In the New Year, Go for the Glass

SOMEWHERE, TO BE SURE—Felicitazioni! The new year is about to begin; your equipment budget’s been planned, and now you’re stressed out about parting company with all that cash. Pretty pictures—that’s the mandate from production. Better choose wisely, or your salary gets used to rent the kind of gear you shoulda bought!

Fear not, my phobic friend, and take a tip from ol’ Uncle Mario: Don’t sweat the camera; go for the glass.

Face it… it’s almost 2016. There are plenty of great cameras with giant chips and more creature-features than a ’68 Caddy. Odds are, no matter what you buy, you’ll own something that beats the pants off 99 percent of all cameras ever made. You can’t go wrong, no matter what you buy.

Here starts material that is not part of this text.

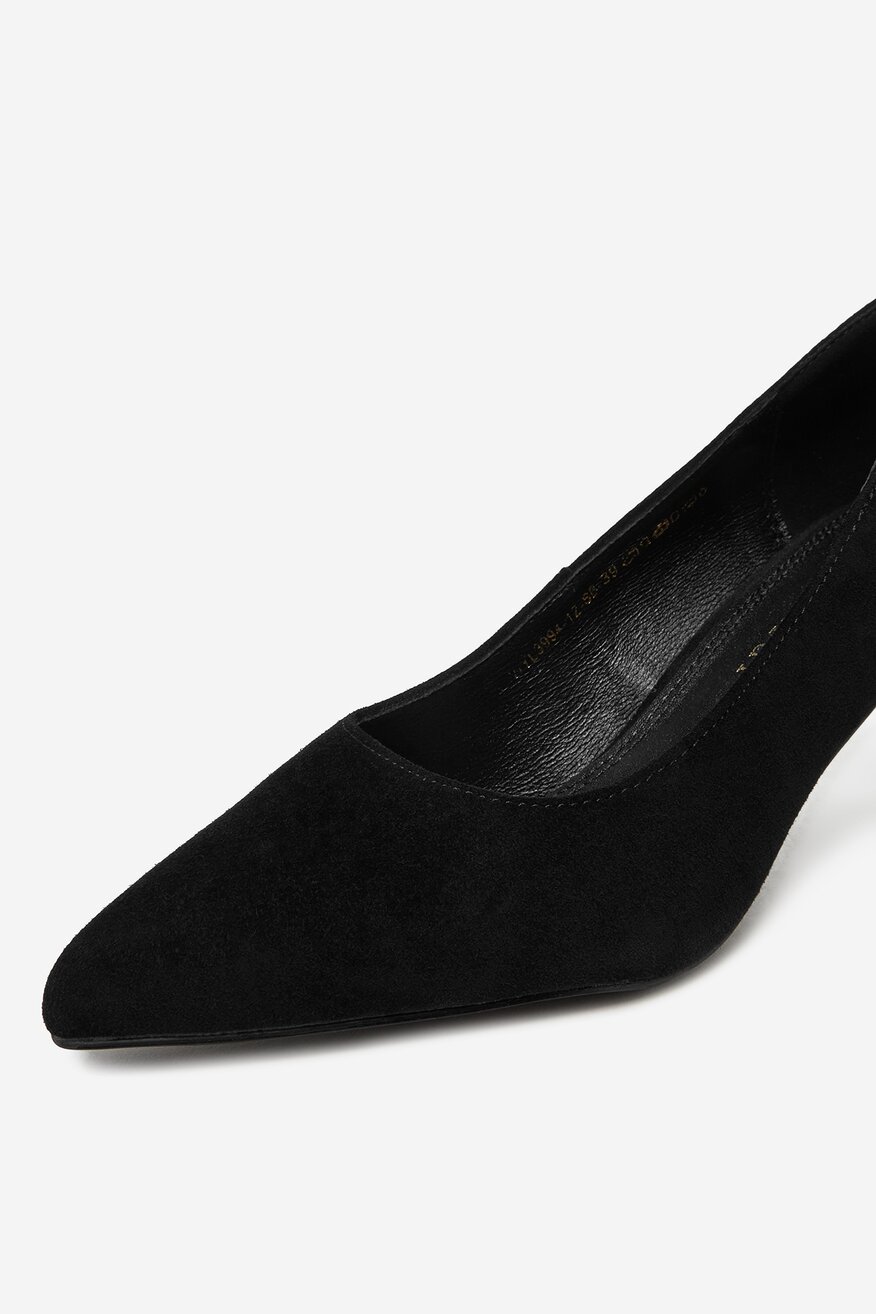 Lodičky Sergio Bardi ČERNÁ - 5903698591094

But your new cine-super-camera-ultra-whizbang toy ain’t gonna look like much without some gorgeous glass. The lens, that last analog interface between photon and pixel, is the place where the magic happens, and it’s the wrong neighborhood for pinchin’ pennies.

LENSES IN THE LIMELIGHT
Readers over a certain age will recall a time before high definition when two technology curves crossed: the cost of high-end, standard-definition broadcast television cameras, and costs for the broadcast-optimized lenses that got stuck onto the fronts of these cameras. Ol’ Mario can see it as if it were yesterday… a price quote from Uncle Sony for a $24,000 Betacam head, attached to a second quote for a $25,000 lens. That was a bit of a flip for us. We were used to the fancy-pants camera head costing plenty, but the lens… isn’t that just an accessory?

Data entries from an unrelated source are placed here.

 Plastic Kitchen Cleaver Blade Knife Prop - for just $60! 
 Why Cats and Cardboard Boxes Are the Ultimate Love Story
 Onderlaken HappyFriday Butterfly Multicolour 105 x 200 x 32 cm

Get with it, grandpa. They’re not accessories—they’re the stars of the show! And the venerable B4-mount lens, staple of the broadcast industry, is just one of the many optical performers you’ll need to own. Based on your business and your equipment locker, it’s fairly likely you need everything from old SLR lenses to cinema primes, manual zooms and beyond… way, way beyond.

Part of the challenge comes in selecting your kit, choosing the full complement of focal lengths required to cover any scene. You’ll do that while balancing a bunch o’ factors—think of ’em as “multipliers,” ’cause that’s what they do to the price list. Factors include basics like the prestige and cachet of a famous German or Japanese pedigree (gotta have the best, right?). How about a zoom that bridges several of those focal lengths, so you’re not swappin’ ’n’ droppin’ in the middle of the shoot?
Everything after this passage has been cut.